I’ve been copying the TESSERA data to Cephfs, but what is actually in the files?
There are directories for each tile, which are named grid_longitude_latitude. Each of these contains two NPY files. Picking one at random, I found these two files covering an area in the Canadian Arctic region.
| File | Shape | Type | Elements |
|---|---|---|---|
| grid_-99.95_80.05.npy | 1119 × 211 × 128 | int8 | ~30 million |
| grid_-99.95_80.05_scales.npy | 1119 × 211 | float32 | ~236k |
This is quantised data, where the actual values would be: data[i,j,k] * scales[i,j]
There are 128 channels of machine learning data which need to be processed further by a downstream model, but I wanted to “see” it. Claude suggested a PCA visualisation of the file, which converts the 128 dimensions into 3 dimensions, which are mapped to RGB values. This is the header image for this post.

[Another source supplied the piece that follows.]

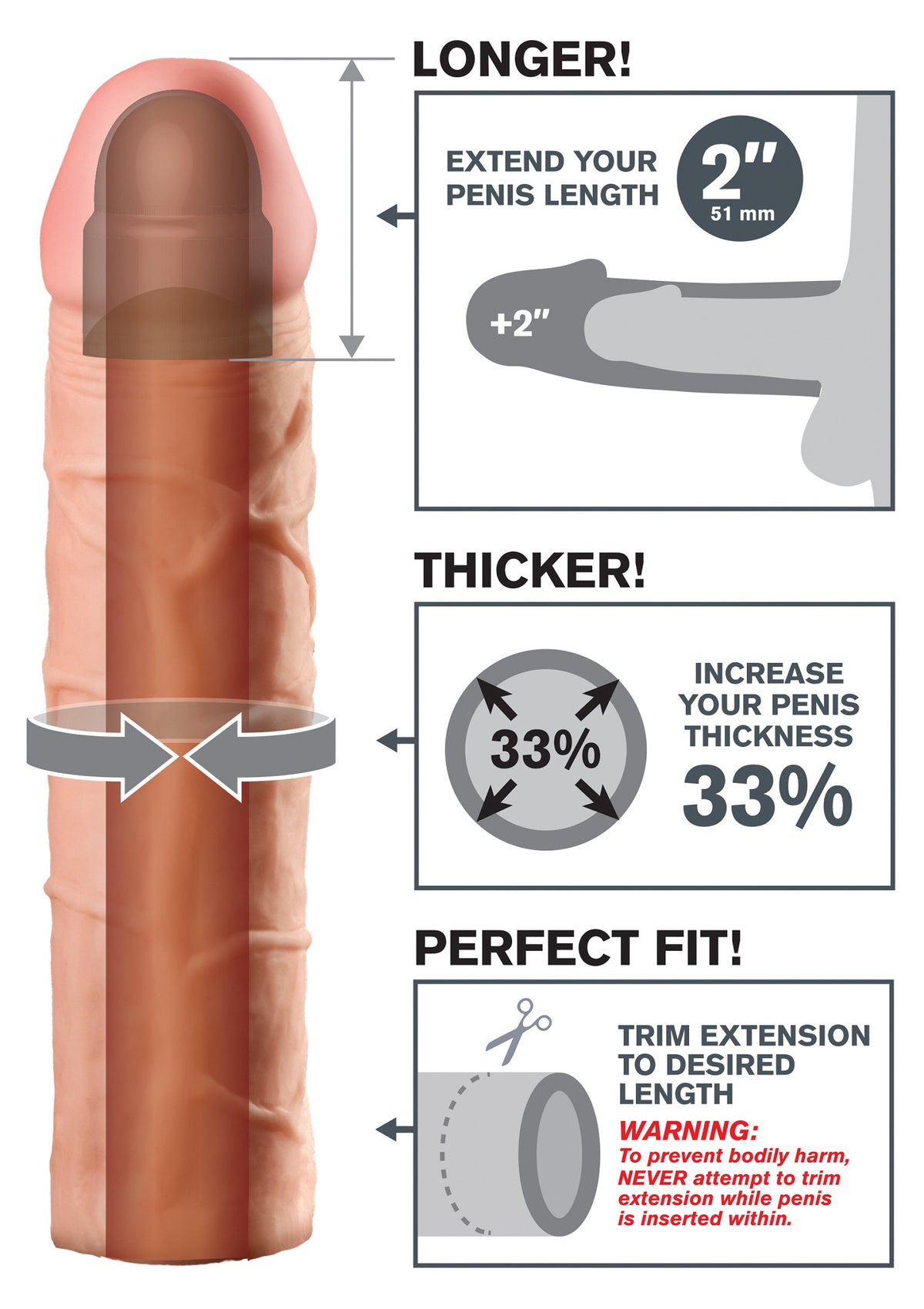 Pipedream Fantasy X-tensions FX Perfect 2' Extension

The Zarr format is designed for large chunked arrays, especially for use in cloud storage. Rather than being a single file like NPY, it is a directory containing metadata in .zarray, attributes in .zattrs and then a series of files like 0.0, 0.1, 1.0, 1.1. Each of those files contains the respective chunk of data. So, if the chunk size is 256, then those four files would contain at most an array of 512x512. For example, the scales data about would need 0.0, 1.0, 2.0, 3.0, 4.0. Note that there is no .1 file as the second dimension is less than 256; therefore, all the data fits into the .0 file.
For higher dimensions, more dots are added. For example, with a chunk size of 256, chunk 2.1.0 would mean:
- Dimension 0: chunk 2 - pixels 512-767
- Dimension 1: chunk 1 - pixels 256-511
- Dimension 2: chunk 0 - channels 0-127 (all of them)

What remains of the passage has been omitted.